The second function accepts a filename and a query string. It opens the file and passes it to the first function, initializing the line_num argument to 1.

The first function simply reads a line from the file and use a case statement to decide what to do. If the line read results in an error then we simply print the error and close the file. Similarly, if the output of the line read is and end-of-file then we just close the file.

The interesting bit is the last case, where we successfully read a line. If the line contains our query string, we print it out along with the line number. In any case, since we did not read an end-of-file, we call ourselves again6 on line 15. We pass the same arguments we received, with the exception of the line number, which we increase by one. In this way we keep reading and processing lines until the file is exhausted.
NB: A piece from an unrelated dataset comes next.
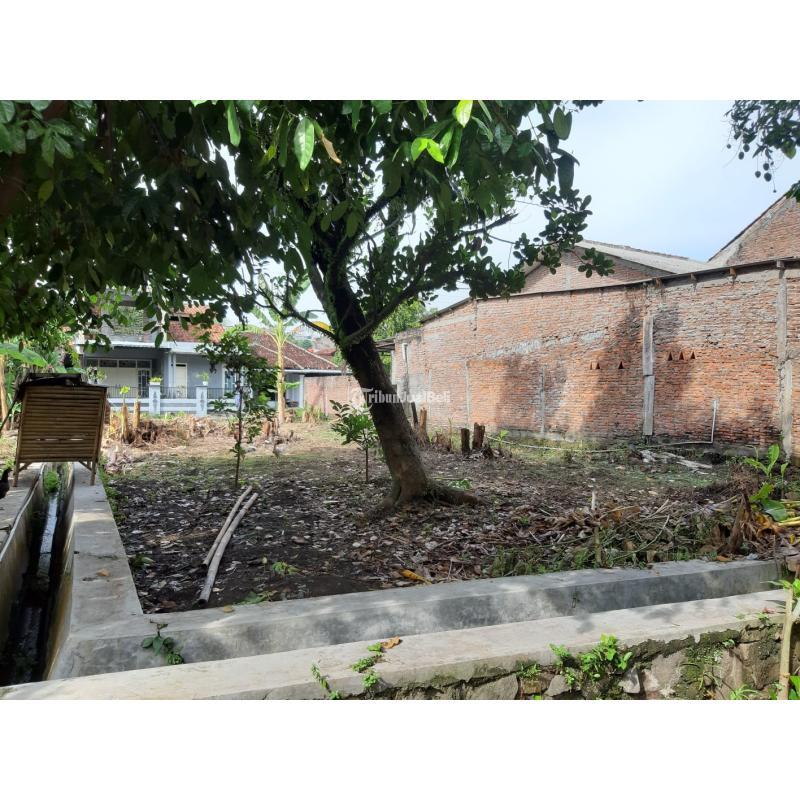 Dijual Tanah Siap Bangun Luas 277m2 SHM Sendangguwo Kedungmundu - Semarang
Notice how we don’t keep track of the line number using an external variable. That bit of state is maintained implicitly in the argument to the function call. There is no mutated state since we are never assigning anything. Every time we want to change state we must pass the new state in as arguments to our function. This can be a tricky bit to understand at first, but its fundamental so take time to let it sink in.

Conclusion

We have seen how we can accomplish tasks in a functional language that typically are solved using looping control flow in imperative languages. Hopefully you are starting to get a feel for the declarative style that is pervasive in FP, and hopefully you are starting to appreciate how it can help you write more expressive, concise code. In the next post we will take a look into our next challenge, working with nested data structures.

Notes

  1. Actually, Elixir does have a for but it is not technically a loop construct, rather it is what is known as a list comprehension.
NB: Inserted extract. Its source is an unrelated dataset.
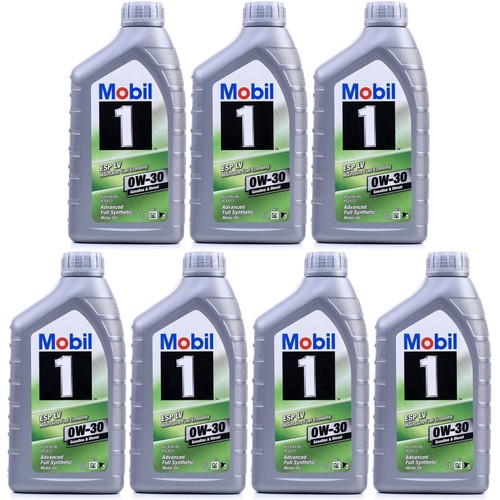 Mobil esp 0w30 1 - 0w30,
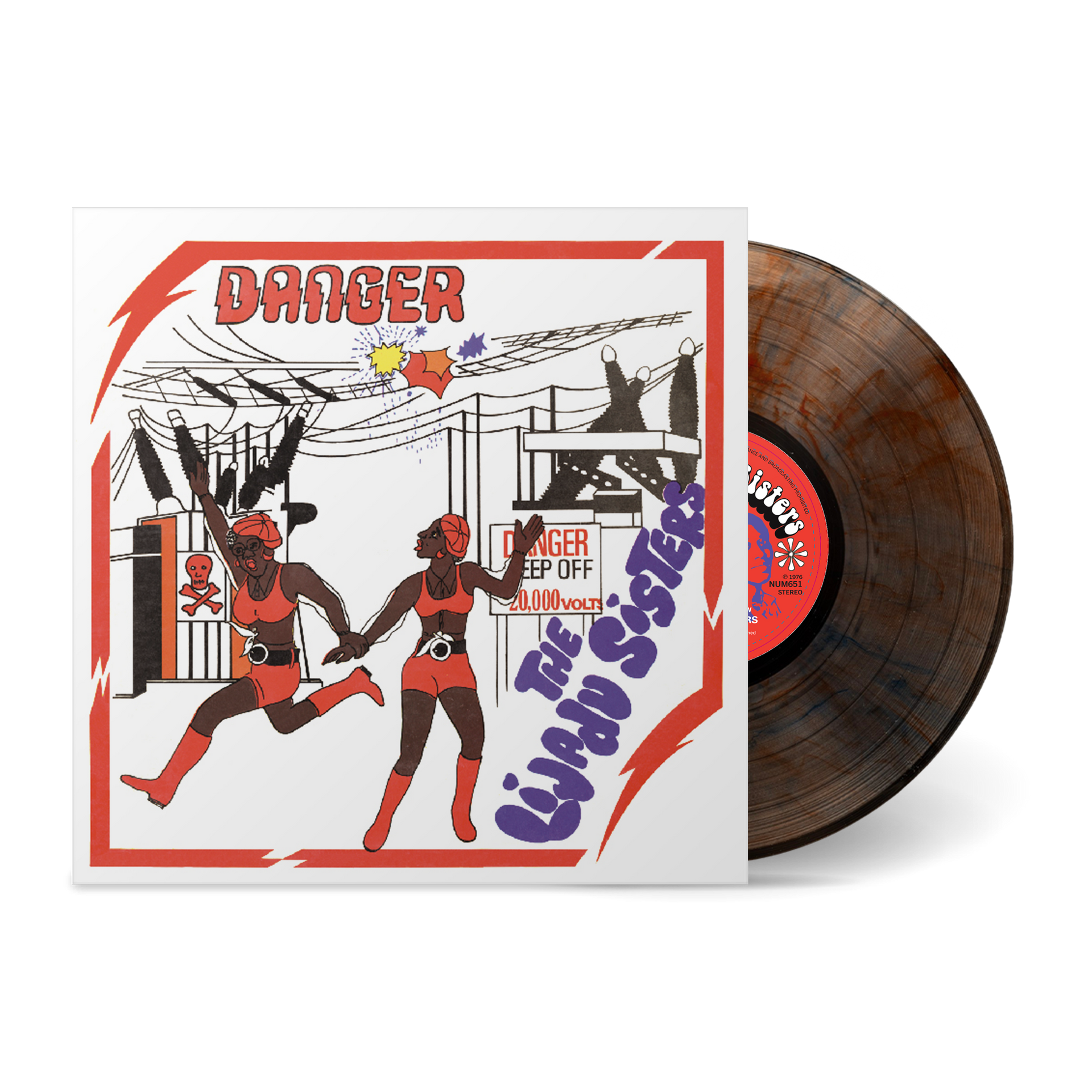 Danger – Numero Group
  2. Yes function - see higher order functions.

  3. Anonymous functions are simply functions that are not named. Technically they are also closures.
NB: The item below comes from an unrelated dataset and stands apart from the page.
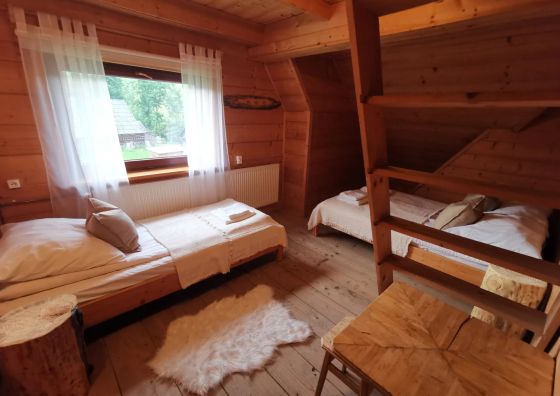 Apartament Na Pięterku Białka Tatrzańska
  4. Although data is immutable, variables can be rebound to new data, so we could do something similar to the variable assignment happening in the Java loop. Higher order functions like Enum.find prevent a need for this, however.

  5. Java 8 provides streams that provide a more declarative approach to processing I/O.

  6. At this point you may be concerned about a large number of recursive calls exceeding our stack limit. Fortunately Elixir, like many functional languages, provides tail call elimination, so our recursive calls are effectively treated as jumps back to the top of the function.